Producent i odbiorca energii: możliwa komunikacja
Elektrownie wirtualne optymalizują głównie funkcjonowanie sieci od strony wytwórczej. A czego można dokonać po stronie odbiorczej? Już dziś dysponujemy technologiami, które umożliwiają komunikację między producentem a odbiorcą.
O ile do tej pory producenta interesował głównie ?licznik?, tzn. pobierana w danym momencie moc była główną wielkością, natomiast analizy dotyczące potencjalnego rozkładu zapotrzebowania na energię elektryczną na osi czasu dokonywano na bazie danych historycznych i informacji dostarczanych przez znaczących odbiorców, o tyle obecnie próbuje się zmienić poziom szczegółowości. Wyobraźmy sobie, że urządzenie odbiorcze (nieistotne jakie), ma możliwość określenia zapotrzebowania na moc na osi czasu. Na przykład pralka przesyła do sieci informację: w dniu dd.mm.yy, począwszy od godziny hh:mm, ale nie później niż do hh2:mm2, zużyję xx kWh energii, nie przekraczając chwilowej mocy zz kW.

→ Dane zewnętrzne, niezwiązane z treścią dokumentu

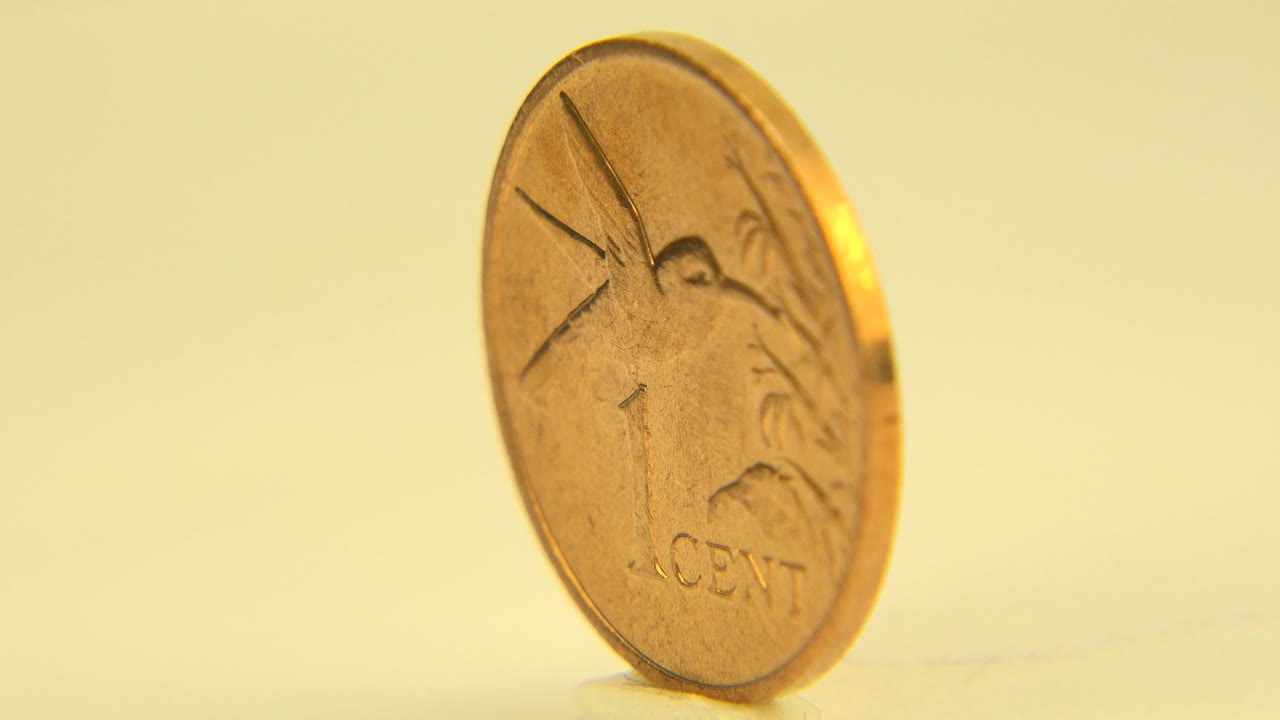 The upright gold coin remains near the center of the frame, its front face and raised markings more visible against the soft yellow tabletop, with no visible people.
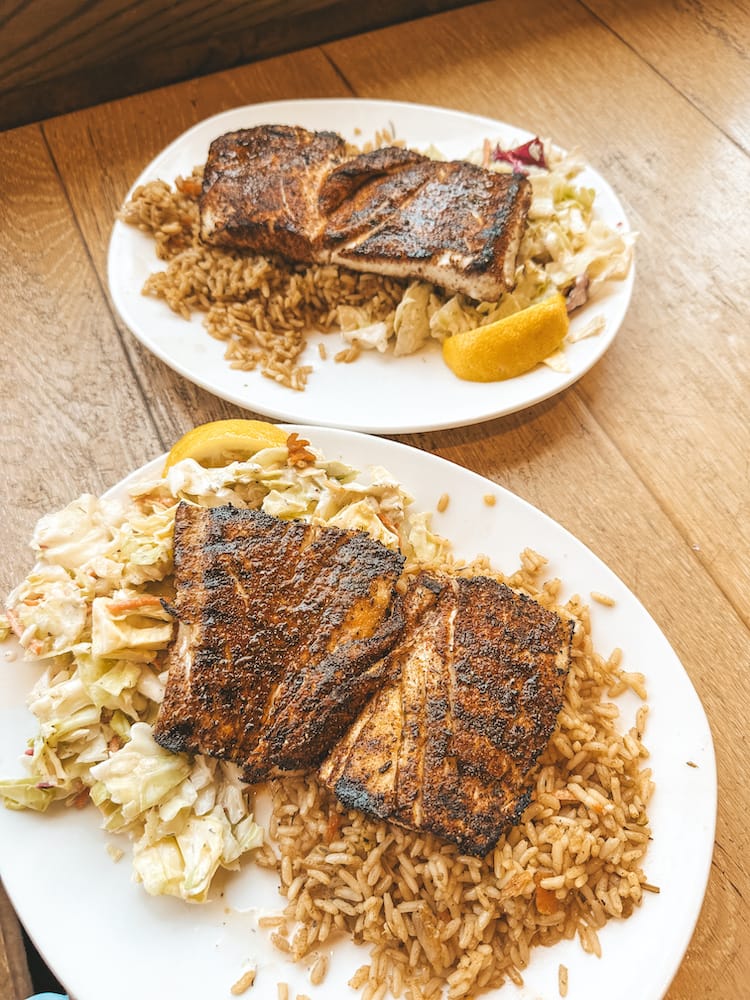 Two plates with fish filets, rice, and coleslaw sitting on a wooden table.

Pierwsze pytanie dotyczy przesyłu ? jak ten przykładowy odbiornik prześle informację? W czasach powszechnego dostępu do sieci komputerowych wyposażenie każdego odbiornika w inteligentny interfejs z własnym adresem IP nie stanowi problemu. Istotne jest to, co producent energii może zrobić z taką informacją. W jakim stopniu wykorzysta dane do optymalizacji zarządzania wirtualną elektrownią (o wirtualnych elektrowniach czytaj w ?Czysta Energii? 10/2015).
Pamiętajmy, że nie rozpatrujemy problemu z punktu widzenia c...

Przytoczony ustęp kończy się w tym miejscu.